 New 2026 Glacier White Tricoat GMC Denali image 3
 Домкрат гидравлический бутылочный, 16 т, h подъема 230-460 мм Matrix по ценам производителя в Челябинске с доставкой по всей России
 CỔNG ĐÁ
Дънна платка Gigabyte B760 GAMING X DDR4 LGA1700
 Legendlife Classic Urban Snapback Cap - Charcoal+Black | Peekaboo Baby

--*--

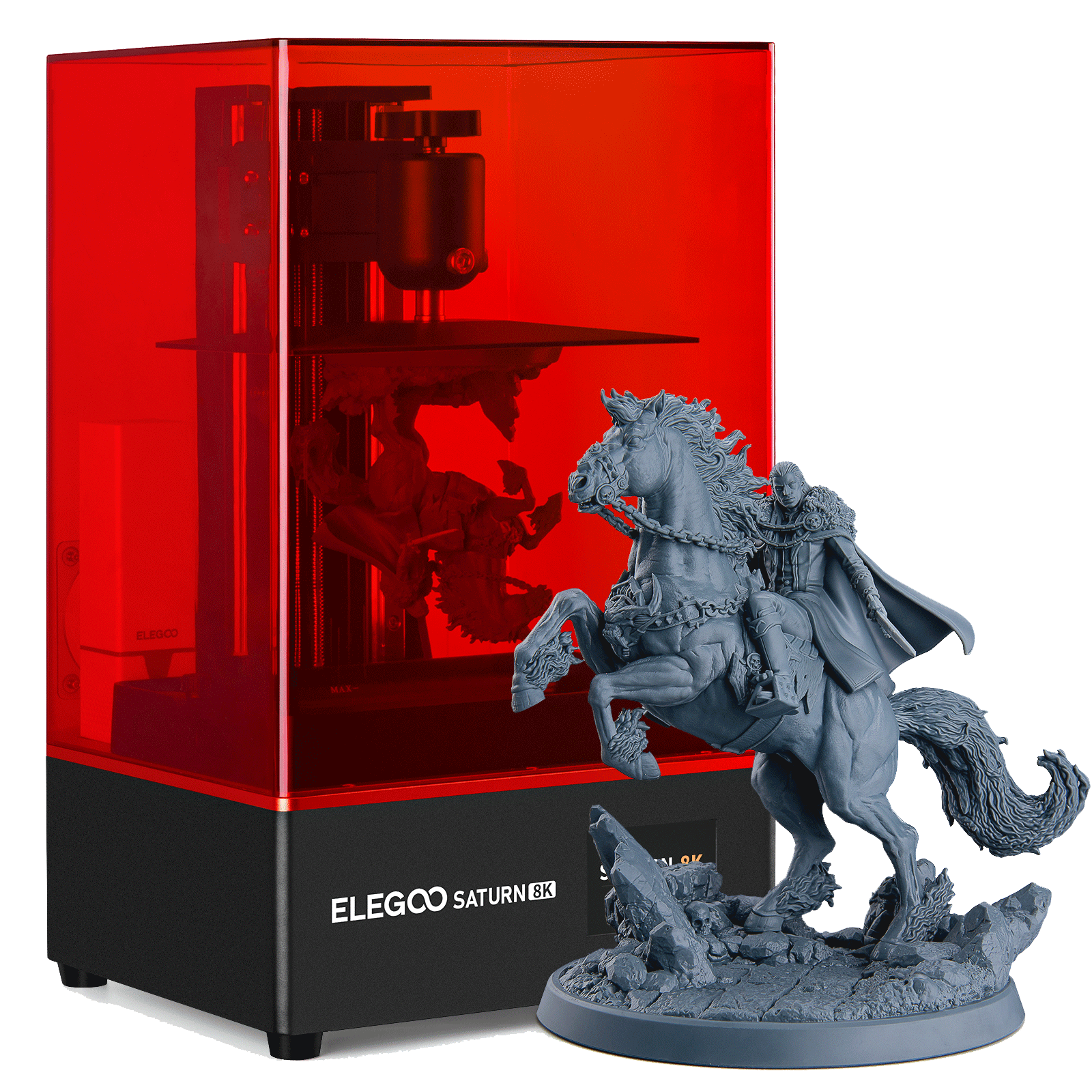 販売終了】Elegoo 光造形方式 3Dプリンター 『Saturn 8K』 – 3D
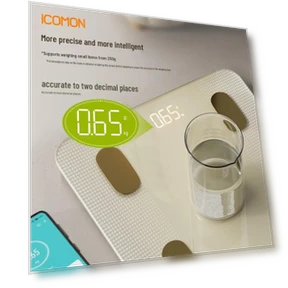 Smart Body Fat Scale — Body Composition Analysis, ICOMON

--*--

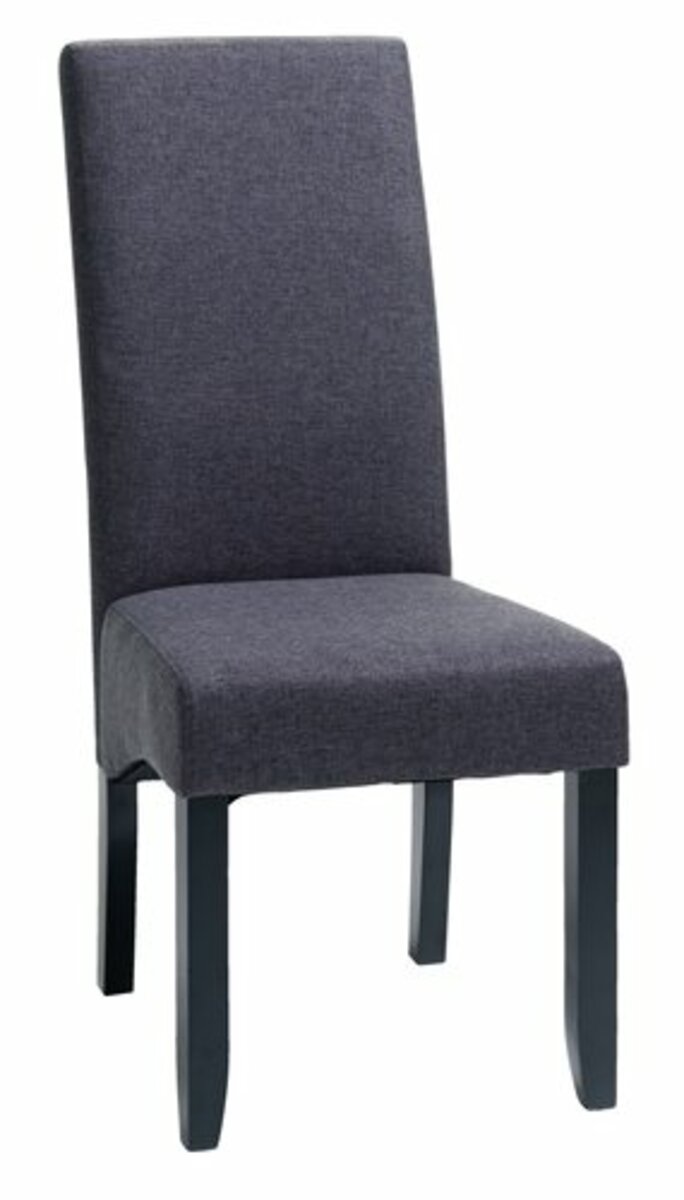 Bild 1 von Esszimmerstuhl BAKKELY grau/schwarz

--*--

EXERCISE OBJECTIVE: Within the material above, the line with "Домкрат гидравлический бутылочный, 16" opens the range and the line with "Legendlife Classic Urban" closes it; reproduce that range word for word.

TASK OUTPUT:
 Домкрат гидравлический бутылочный, 16 т, h подъема 230-460 мм Matrix по ценам производителя в Челябинске с доставкой по всей России
 CỔNG ĐÁ
Дънна платка Gigabyte B760 GAMING X DDR4 LGA1700
 Legendlife Classic Urban Snapback Cap - Charcoal+Black | Peekaboo Baby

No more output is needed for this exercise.